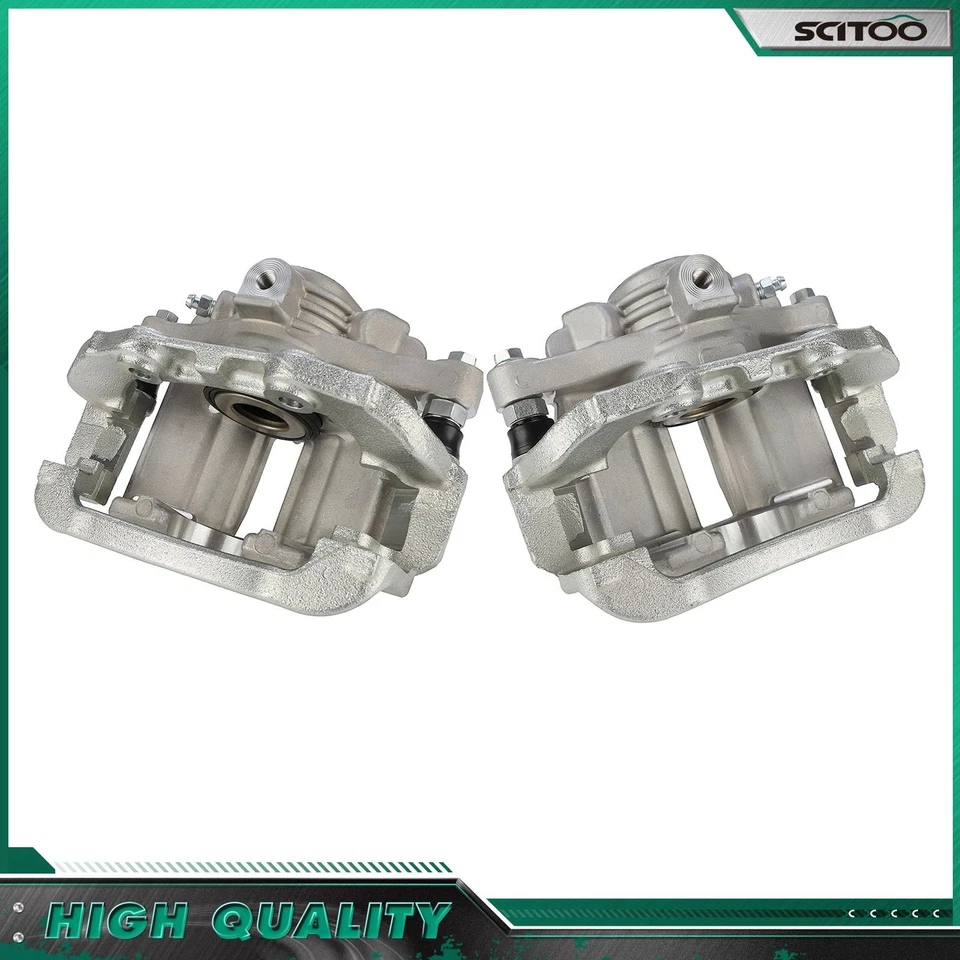 For 1998-05 GMC Jimmy Rear Brake Calipers Rotors Ceramic Pads Diver Passenger Foto 3 de 4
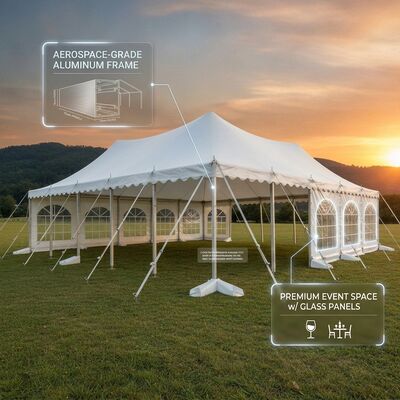 10x25m Double Decker M Series Clear Span A-Frame Marquee Party Tent Acqueproof Due piani Marquee Sports Award Ceremonia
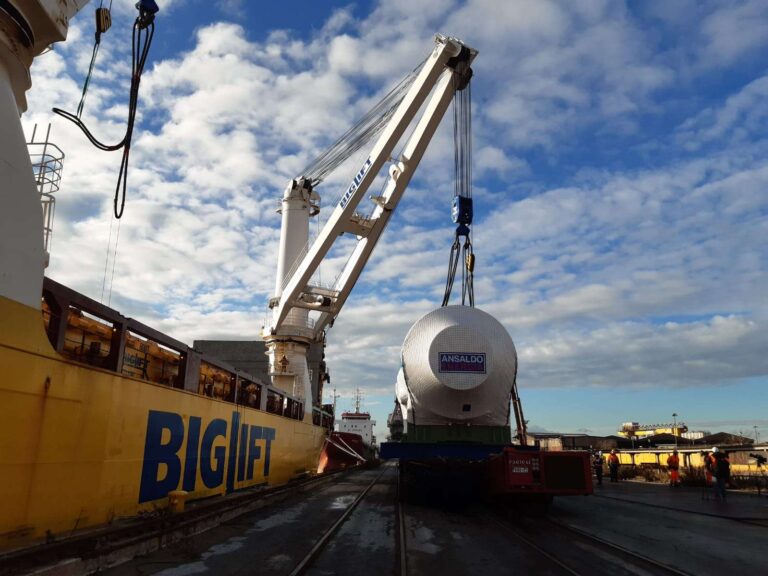 Ansaldo Energia imbarca la turbina a gas “Monte Bianco” a Cornigliano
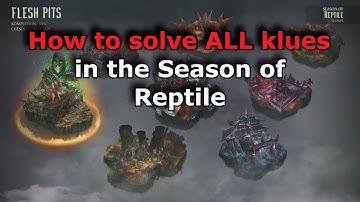 MK1 Invasions - How to solve ALL KLUES in the Season of Reptile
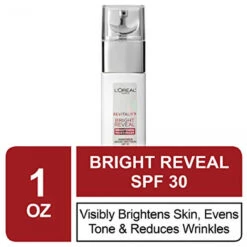 L’Oréal Paris L'Oreal Paris Skincare Revitalift Bright Reveal Anti-Aging Day Cream SPF 30 Sunscreen With Glycolic Acid, Vitamin C & Pro-Retinol To Reduce Wrinkles & Brighten Skin, 1 Fl. Oz. -Nursing Products 742117637112 2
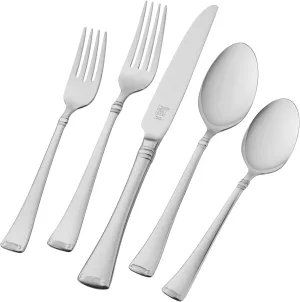 ZWILLING Angelico 20-Piece 18/10 Stainless Steel Flatware Set, Silver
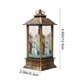 thumbnail image 3 of Christmas Lantern with LED Lights Santa Snowman Holiday Night Light Decoration for Indoor Home Party Tabletop Fireplace Decor Winter Festival Gift, 3 of 6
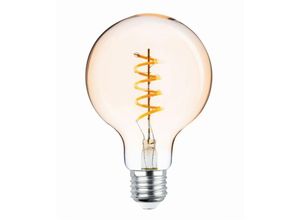 4251810878419 - Forever Light - E27 4W led Filament Lampe Vintage Glühbirne 250 lm Warmweiß 2000K G95 sf Gold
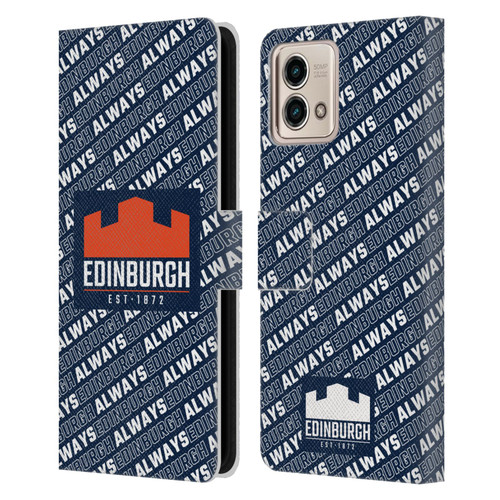 Edinburgh Rugby Graphics Logo Pattern Leather Book Wallet Case Cover For Motorola Moto G Stylus 5G 2023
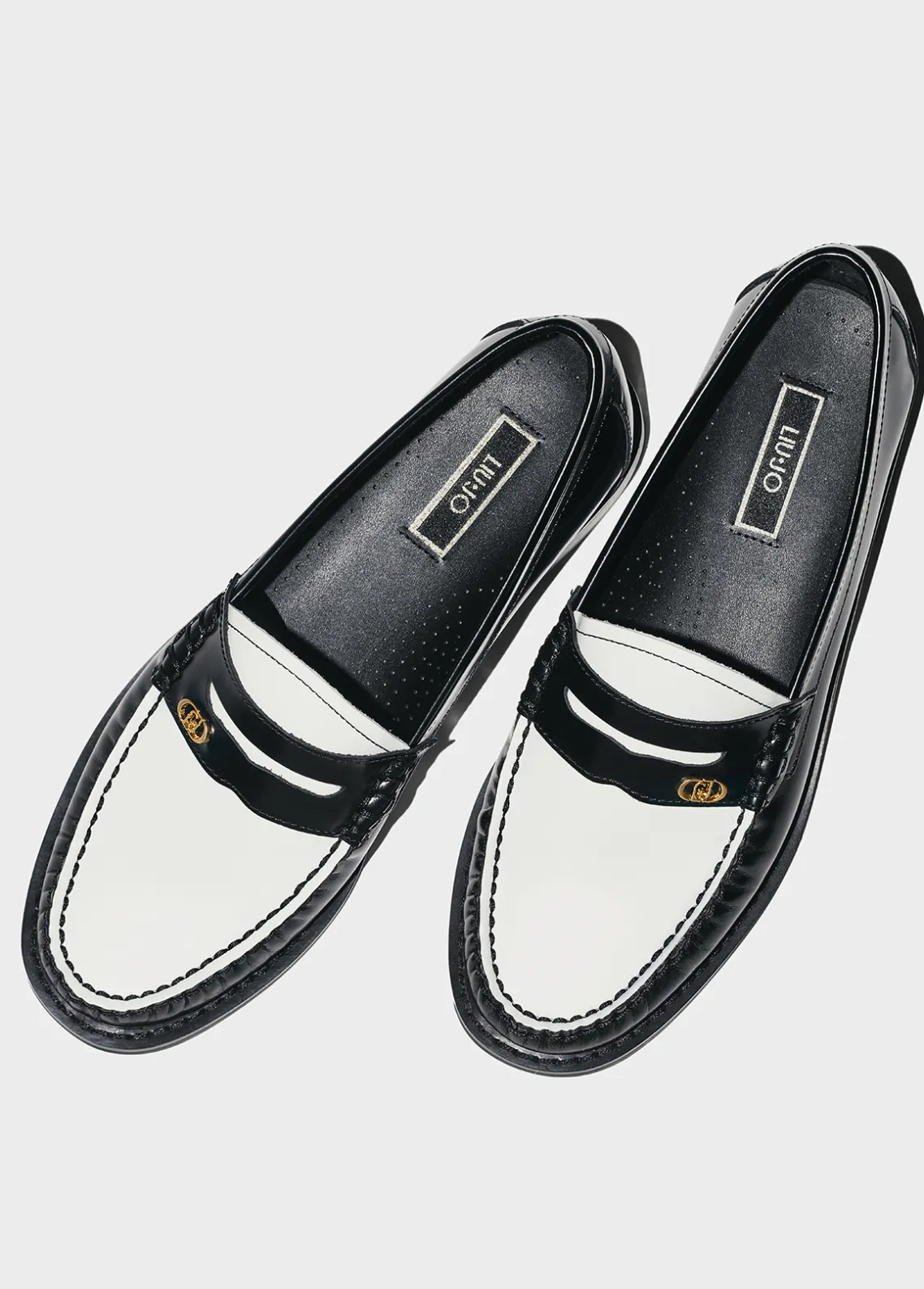Liu Jo Mocasines bicolor de piel-Mujer Most Wanted|Mocasines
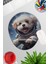 Sevimli Astronot Köpekler No:1 Oyuncu Gaming Oval Bilek Destekli Mousepad 1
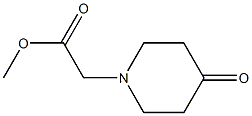 methyl (4-oxopiperidin-1-yl)acetate Structure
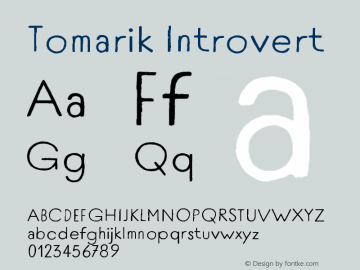 Tomarik Introvert Version 1.000图片样张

-*-*-

§ What to work on:
Restate, word for word, each line from the one with "L’Oréal Paris L'Oreal" to the end of the entries, both included, and keep every picture out.

§ Output of the exercise:
 L’Oréal Paris L'Oreal Paris Skincare Revitalift Bright Reveal Anti-Aging Day Cream SPF 30 Sunscreen With Glycolic Acid, Vitamin C & Pro-Retinol To Reduce Wrinkles & Brighten Skin, 1 Fl. Oz. -Nursing Products 742117637112 2
 ZWILLING Angelico 20-Piece 18/10 Stainless Steel Flatware Set, Silver
 thumbnail image 3 of Christmas Lantern with LED Lights Santa Snowman Holiday Night Light Decoration for Indoor Home Party Tabletop Fireplace Decor Winter Festival Gift, 3 of 6
 4251810878419 - Forever Light - E27 4W led Filament Lampe Vintage Glühbirne 250 lm Warmweiß 2000K G95 sf Gold
 Edinburgh Rugby Graphics Logo Pattern Leather Book Wallet Case Cover For Motorola Moto G Stylus 5G 2023
Liu Jo Mocasines bicolor de piel-Mujer Most Wanted|Mocasines
 Sevimli Astronot Köpekler No:1 Oyuncu Gaming Oval Bilek Destekli Mousepad 1
 methyl (4-oxopiperidin-1-yl)acetate Structure
 Tomarik Introvert Version 1.000图片样张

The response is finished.